CRATERAS 'LUNARES' EM AREAIS DE SEROPÉDICA
Parece um problema distante, mas uma área de 50 quilômetros quadrados é ocupada por cerca de 80 minas no distrito areeiro de Seropédica-Itaguaí, na região metropolitana fluminense. Ali, o aspecto é inóspito: estradas empoeiradas cortam as "crateras lunares" que têm em média 20 metros de profundidade e centenas de largura. À medida que a areia vai sendo retirada por dragas flutuantes e disposta em caminhões, o lençol freático (o Aquífero Piranema) surge do solo e forma grandes lagoas com uma cor geralmente azul turquesa, às vezes mais esbranquiçada ou esverdeada.
O geólogo Eduardo Duarte Marques, do Serviço Geológico do Brasil e com tese de doutorado sobre os areais, explica que a coloração inusitada é resultado dos processos geoquímicos que ocorrem durante a extração de areia, especialmente pela contaminação com sulfato de alumínio. As águas, portanto, são ácidas. Ainda segundo o pesquisador, a ação humana sobre o aquífero interfere na manutenção da Bacia do Rio Guandu, principal fonte de abastecimento do Grande Rio, embora esse impacto ainda não esteja quantificado.
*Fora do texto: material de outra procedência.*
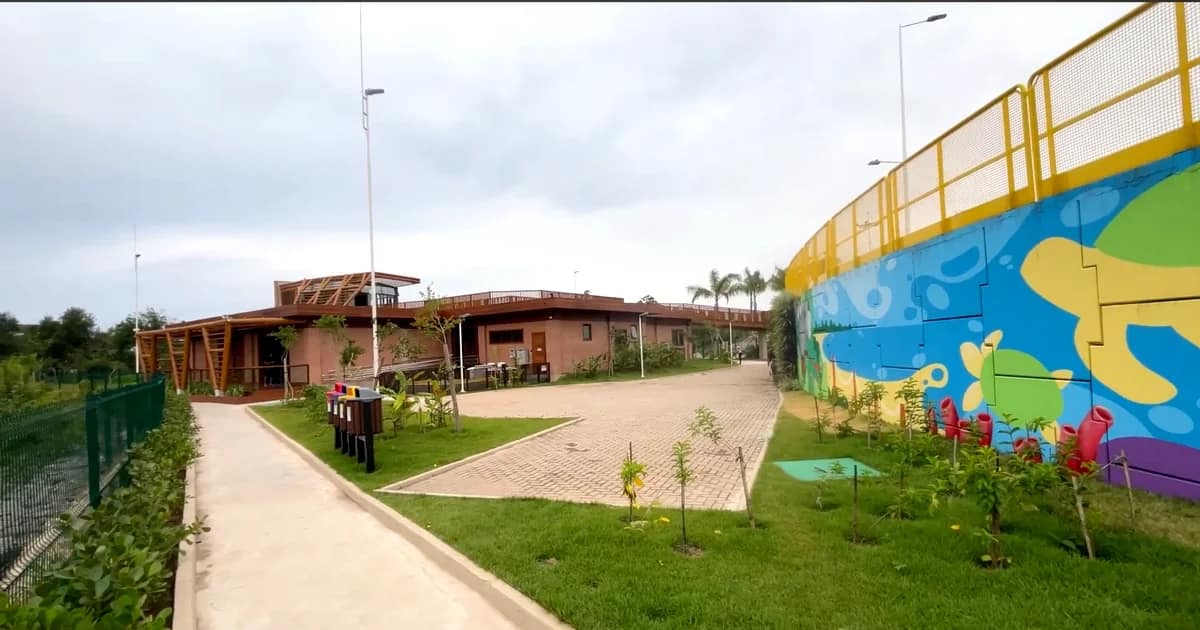Parque Costeiro Vale - Vitória ES Entrada do Parque Costeiro Vale em Vitória ES com mural colorido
- Não há como recuperar em 100% uma cava de extração de areia - lamenta Marques, lembrando que, em 2001 e 2003, foram assinados dois termos de ajustamento de conduta (TACs) entre sindicato, gestores e órgãos ambientais, visando a recuperar a região degradada. - Muitas ideias têm sido discutidas, tais como a instalação de locais para piscicultura, culturas hidropônicas, balneários temáticos e até para a recarga do aquífero, que pode ser alternativa ao Guandu em caso de escassez de água.
Apesar da abundância das lagoas artificiais, moradores da localidade sofrem com a falta d'água. Aliás, não são muitos os que resistem à região pouco desenvolvida, sem posto de saúde, mercado, saneamento ou iluminação pública. Casas abandonadas são facilmente encontradas. Completando 50 anos, uma moradora que pede para não ser identificada lembra que, em sua infância, laranjais davam outras cores à paisagem. Ali já vigorou uma forte economia agrícola, gradativamente substituída pelos areais a partir da década de 1950, quando o controle ambiental ainda era reduzido e a mineração provocava ainda mais impacto.
- O povo daqui é totalmente esquecido, isto aqui está destruído - diz.
Na casa de Eliane Paixão, de 39 anos, vivem seis crianças, que, nas férias, brincam na beira da estrada junto ao frequente trânsito de caminhões, que provocam nuvens de poeira. Esse é, por sinal, o único meio de transporte. Para chegar ao posto de saúde mais próximo, só caminhando por uma hora ou pedindo carona.
- Não é muito fácil, mas prefiro ficar aqui, moro desde que nasci, e a casa é nossa - conta.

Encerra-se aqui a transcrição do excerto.